I'd suggest that the AP account of the interview implies a context for the dicussion - perhaps an unspoken understanding about the moral "players" of the hypothetical situation - which took "male prostitutes" to mean "homosexual male prostitutes." Now, I offer this because it's really the only way I have of making sense of what the Pope might have meant - if he really said it - by saying that, for these folks, "contraception isn't a central issue." In male-to-female (vaginal) sexual relations, it would be very hard to see how the use of a condom doesn't translate into an instance of the contraceptive moral act. However, in homosexual relations - a perversion of the life-giving act of sex between a man and a woman - the condom is not bound up with the object of the act in the same way, as with the example of masturbation given above. In this case, there's not question of disrupting conception since conception is impossible. Thus, - in terms of individual action, which is the focus of the Pope's remarks (as distinct from social planning to combat an epidemic) - the choice of the male to use a condom could be the kind of "first step" toward "responsibility" the Pope acknowledges. Plenty of objections will be raised to this, and it really forms the kernel of a whole other discussion. Suffice to say for now that the condom in this situation is not part of the intrinsically evil act of contraception; rather, it is something impacting the circumstantial and intentional parts of the moral action of sodomy, which is already intrinsically disordered.

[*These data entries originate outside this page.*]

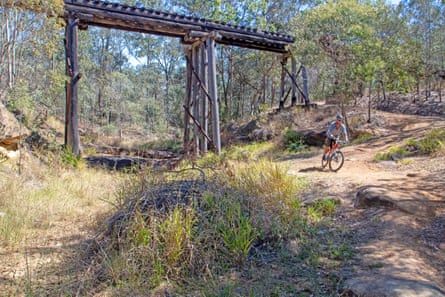 A cyclist riding under an old railway overpass in bushland in the Brisbane Valley Rail Trail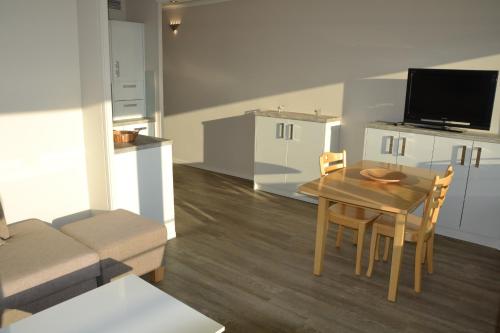 - une cuisine et une salle à manger avec une table et un canapé dans l'établissement Meerblick FeWo Nr A-107, à Sierksdorf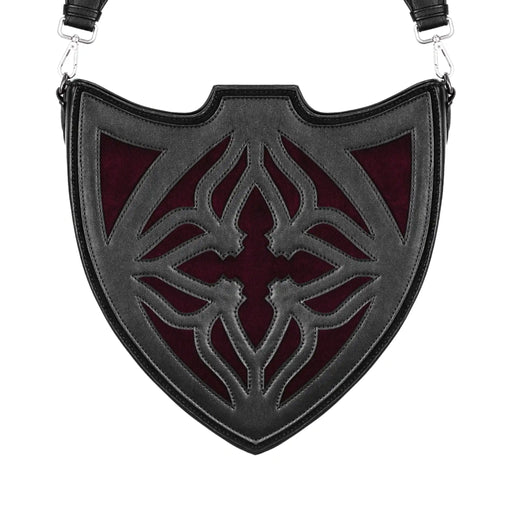Bolso bandolera negro con diseño rígido en forma de escudo inspirado en las catedrales y la arquitectura medieval con detalles en terciopelo burdeos modelo Claretia de Restyle vista frontal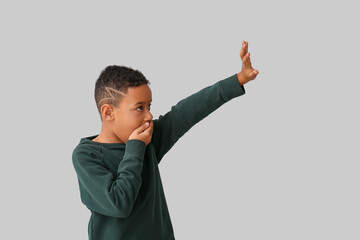 Scared little African-American boy on light background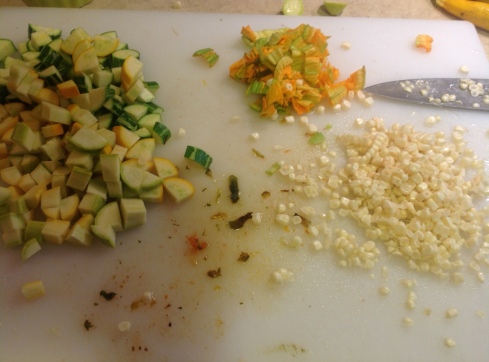 Chop chop. I knifed down a cob of corn and diced some zucchini and yellow squash.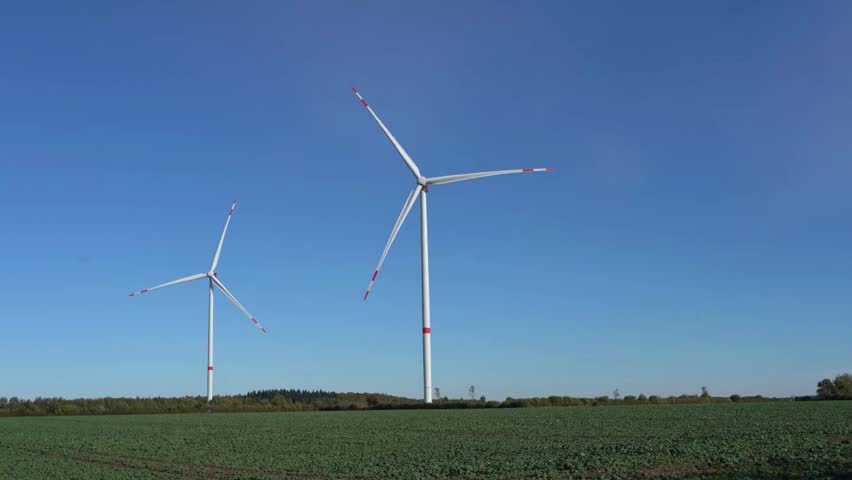 Two modern wind turbines standing in a green field under a clear blue sky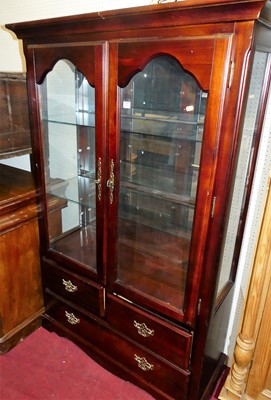 Lot 1149 - A reproduction cherry wood china display...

On the finer points of this we can - and I imagine will - have further debate.

In the meantime, we will have to wait and see what clarification comes out about these comments - as surely some clarification must. If the Pope meant male prostitution in general... well, then I simply must join the droves of perplexed readers waiting with eyebrows raised. Regardless,though, of what may be forthcoming, it is essential for any understanding of this discussion to know ahead of time what the Church means in Her teaching about condoms and contraception, about the end of the sexual act and the problems of its disordering. These notions a little clearer in our minds, we will be better poised to make sense of whatever it is the Holy Father really did say to Peter Seewald, and therefore help give this issue the nuance it requires (which certainly will be wanting in the main-stream media's treatment).